■ **Work request**:
Beginning with the first line of the data below, reproduce every line unchanged, ending with the line that holds "Newark, NJ 07106".

■ **Supplied information**:
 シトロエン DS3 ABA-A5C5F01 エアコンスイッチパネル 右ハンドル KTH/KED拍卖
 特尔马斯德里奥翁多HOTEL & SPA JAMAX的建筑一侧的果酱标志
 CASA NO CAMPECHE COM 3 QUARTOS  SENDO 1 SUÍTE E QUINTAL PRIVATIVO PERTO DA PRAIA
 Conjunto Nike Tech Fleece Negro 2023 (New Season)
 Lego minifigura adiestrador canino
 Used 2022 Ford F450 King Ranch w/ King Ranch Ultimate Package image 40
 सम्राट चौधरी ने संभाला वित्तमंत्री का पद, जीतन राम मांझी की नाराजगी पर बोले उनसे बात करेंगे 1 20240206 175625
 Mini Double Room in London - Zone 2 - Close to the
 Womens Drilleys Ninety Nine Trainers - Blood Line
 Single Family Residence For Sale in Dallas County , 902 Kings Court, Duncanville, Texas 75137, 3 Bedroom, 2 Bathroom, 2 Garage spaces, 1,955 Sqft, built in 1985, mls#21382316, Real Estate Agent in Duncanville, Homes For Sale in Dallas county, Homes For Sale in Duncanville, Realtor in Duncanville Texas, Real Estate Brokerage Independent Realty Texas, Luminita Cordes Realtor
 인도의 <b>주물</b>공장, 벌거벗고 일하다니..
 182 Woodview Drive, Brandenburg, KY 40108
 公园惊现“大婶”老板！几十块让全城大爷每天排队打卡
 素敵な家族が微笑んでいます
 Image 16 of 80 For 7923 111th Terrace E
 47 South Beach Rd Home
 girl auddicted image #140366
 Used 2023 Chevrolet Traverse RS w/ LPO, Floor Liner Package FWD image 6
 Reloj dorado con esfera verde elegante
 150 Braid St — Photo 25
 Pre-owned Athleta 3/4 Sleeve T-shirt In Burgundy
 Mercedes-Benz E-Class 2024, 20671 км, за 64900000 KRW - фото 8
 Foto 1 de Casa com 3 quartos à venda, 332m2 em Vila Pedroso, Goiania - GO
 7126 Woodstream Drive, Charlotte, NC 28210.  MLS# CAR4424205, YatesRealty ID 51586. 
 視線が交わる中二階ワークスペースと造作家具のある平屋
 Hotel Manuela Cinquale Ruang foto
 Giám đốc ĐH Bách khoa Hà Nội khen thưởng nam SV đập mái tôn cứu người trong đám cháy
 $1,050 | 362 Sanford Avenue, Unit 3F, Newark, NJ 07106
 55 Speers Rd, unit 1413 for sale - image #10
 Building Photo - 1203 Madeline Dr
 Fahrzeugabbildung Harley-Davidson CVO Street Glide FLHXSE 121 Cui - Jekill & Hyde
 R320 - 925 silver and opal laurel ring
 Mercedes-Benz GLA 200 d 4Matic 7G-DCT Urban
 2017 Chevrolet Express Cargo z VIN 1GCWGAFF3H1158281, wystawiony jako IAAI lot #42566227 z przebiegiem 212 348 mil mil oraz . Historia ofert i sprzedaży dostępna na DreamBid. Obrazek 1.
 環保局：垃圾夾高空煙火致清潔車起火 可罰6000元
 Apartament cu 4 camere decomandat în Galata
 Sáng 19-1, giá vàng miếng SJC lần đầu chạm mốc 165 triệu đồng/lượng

■ **Result below**:
 シトロエン DS3 ABA-A5C5F01 エアコンスイッチパネル 右ハンドル KTH/KED拍卖
 特尔马斯德里奥翁多HOTEL & SPA JAMAX的建筑一侧的果酱标志
 CASA NO CAMPECHE COM 3 QUARTOS  SENDO 1 SUÍTE E QUINTAL PRIVATIVO PERTO DA PRAIA
 Conjunto Nike Tech Fleece Negro 2023 (New Season)
 Lego minifigura adiestrador canino
 Used 2022 Ford F450 King Ranch w/ King Ranch Ultimate Package image 40
 सम्राट चौधरी ने संभाला वित्तमंत्री का पद, जीतन राम मांझी की नाराजगी पर बोले उनसे बात करेंगे 1 20240206 175625
 Mini Double Room in London - Zone 2 - Close to the
 Womens Drilleys Ninety Nine Trainers - Blood Line
 Single Family Residence For Sale in Dallas County , 902 Kings Court, Duncanville, Texas 75137, 3 Bedroom, 2 Bathroom, 2 Garage spaces, 1,955 Sqft, built in 1985, mls#21382316, Real Estate Agent in Duncanville, Homes For Sale in Dallas county, Homes For Sale in Duncanville, Realtor in Duncanville Texas, Real Estate Brokerage Independent Realty Texas, Luminita Cordes Realtor
 인도의 <b>주물</b>공장, 벌거벗고 일하다니..
 182 Woodview Drive, Brandenburg, KY 40108
 公园惊现“大婶”老板！几十块让全城大爷每天排队打卡
 素敵な家族が微笑んでいます
 Image 16 of 80 For 7923 111th Terrace E
 47 South Beach Rd Home
 girl auddicted image #140366
 Used 2023 Chevrolet Traverse RS w/ LPO, Floor Liner Package FWD image 6
 Reloj dorado con esfera verde elegante
 150 Braid St — Photo 25
 Pre-owned Athleta 3/4 Sleeve T-shirt In Burgundy
 Mercedes-Benz E-Class 2024, 20671 км, за 64900000 KRW - фото 8
 Foto 1 de Casa com 3 quartos à venda, 332m2 em Vila Pedroso, Goiania - GO
 7126 Woodstream Drive, Charlotte, NC 28210.  MLS# CAR4424205, YatesRealty ID 51586. 
 視線が交わる中二階ワークスペースと造作家具のある平屋
 Hotel Manuela Cinquale Ruang foto
 Giám đốc ĐH Bách khoa Hà Nội khen thưởng nam SV đập mái tôn cứu người trong đám cháy
 $1,050 | 362 Sanford Avenue, Unit 3F, Newark, NJ 07106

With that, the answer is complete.